🐧 Day 7: Working with Linux Servers: Access Methods and Networking Setup

Purpose
Before moving to the next DevOps tools, it is important to understand how we actually work with Linux systems in real environments. This document explains common ways to access Linux servers and the networking setups behind them, especially when using virtual machines.
This section acts as a practical bridge between Linux fundamentals and real DevOps workflows.

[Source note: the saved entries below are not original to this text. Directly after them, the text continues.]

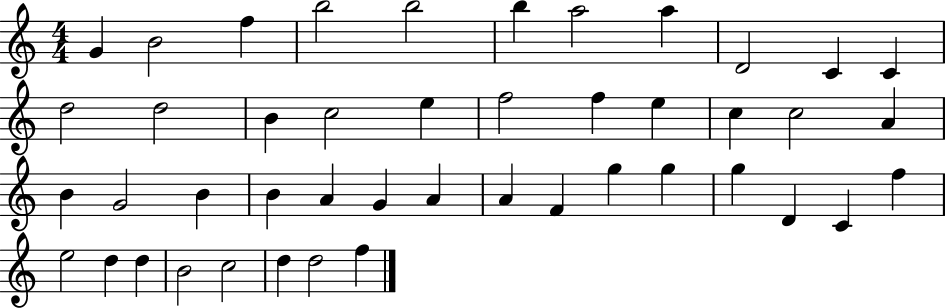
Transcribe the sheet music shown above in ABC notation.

X:1
T:Untitled
M:4/4
L:1/4
K:C
G B2 f b2 b2 b a2 a D2 C C d2 d2 B c2 e f2 f e c c2 A B G2 B B A G A A F g g g D C f e2 d d B2 c2 d d2 f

Common Ways to Work with a Linux Server
In practice, there are three common approaches:
Direct login to the server
SSH access from a host machine
SSH access using NAT with port forwarding
Each method has its own use case.
Option 1: Direct Login to the Server
This is the simplest method and is commonly used in learning or lab environments.
How It Works
You open the virtual machine console
Log in using username and password
Run commands directly on the server terminal
Where This Is Used
Local labs
Initial Linux learning
Recovery or emergency console access
Limitations
Not practical for real-world DevOps
No remote automation
Does not reflect production access patterns
Option 2: SSH from Host Machine (Bridged Adapter)
This is the most realistic and preferred method for DevOps learning.
How It Works
The VM uses a bridged network adapter
The VM gets an IP address from the same network as the host
The host machine can SSH directly into the VM
ssh user@vm_ip
Why Bridged Adapter Is Used
VM behaves like a real server on the network
No port forwarding required
Closely matches production server access
When to Use
DevOps practice labs
Networking experiments
SSH-based workflows
Option 3: SSH Using NAT with Port Forwarding
This approach is commonly used when network access is restricted.
How It Works
VM uses a NAT adapter
VM has a private internal IP
Host cannot directly reach the VM
Port forwarding maps a host port to the VM SSH port
Example Port Forwarding Setup
Host IP:
127.0.0.1Host Port:
2222Guest IP: VM internal IP
Guest Port:
22
SSH Command
Example:
ssh user@127.0.0.1 -p 2222
Why Port Forwarding Is Needed
NAT isolates the VM from the host network
Port forwarding exposes specific services
SSH traffic is redirected to the VM
When to Use
Corporate or restricted networks
Laptop-based labs
Environments without bridged access
Bridged vs NAT (Quick Comparison)
| Feature | Bridged Adapter | NAT with Port Forwarding |
|---|---|---|
| Direct SSH access | Yes | No |
| Requires port forwarding | No | Yes |
| Network realism | High | Medium |
| Ease of setup | Medium | Easy |
DevOps Perspective
In real production environments:
Engineers rarely use console login
SSH access is the standard
Network access is controlled and secured
Learning both bridged and NAT-based access prepares you for different environments.
Additional Practical Considerations
SSH Configuration File
To simplify SSH access, Linux allows using an SSH configuration file.
File location:
~/.ssh/config
Example:
Host dev-vm
HostName 127.0.0.1
User devuser
Port 2222
This allows connecting using:
ssh dev-vm
This is commonly used in DevOps to avoid repeatedly typing long commands.
Security Considerations While Accessing Servers
When working with Linux servers:
Avoid enabling password-based SSH in long-term setups
Do not expose unnecessary ports via port forwarding
Use non-root users for SSH access
These practices reduce accidental security risks even in lab environments.
Relation to Cloud and Production Environments
The same access concepts apply in cloud platforms:
Cloud VMs behave like bridged networking
SSH keys are the default authentication method
Firewalls and security groups replace local port forwarding rules
Understanding VM access locally makes cloud access easier to understand.
Summary
This document explained practical ways to work with Linux systems, including direct access, SSH using bridged networking, and SSH using NAT with port forwarding. Understanding these access methods helps bridge the gap between Linux fundamentals and real DevOps workflows.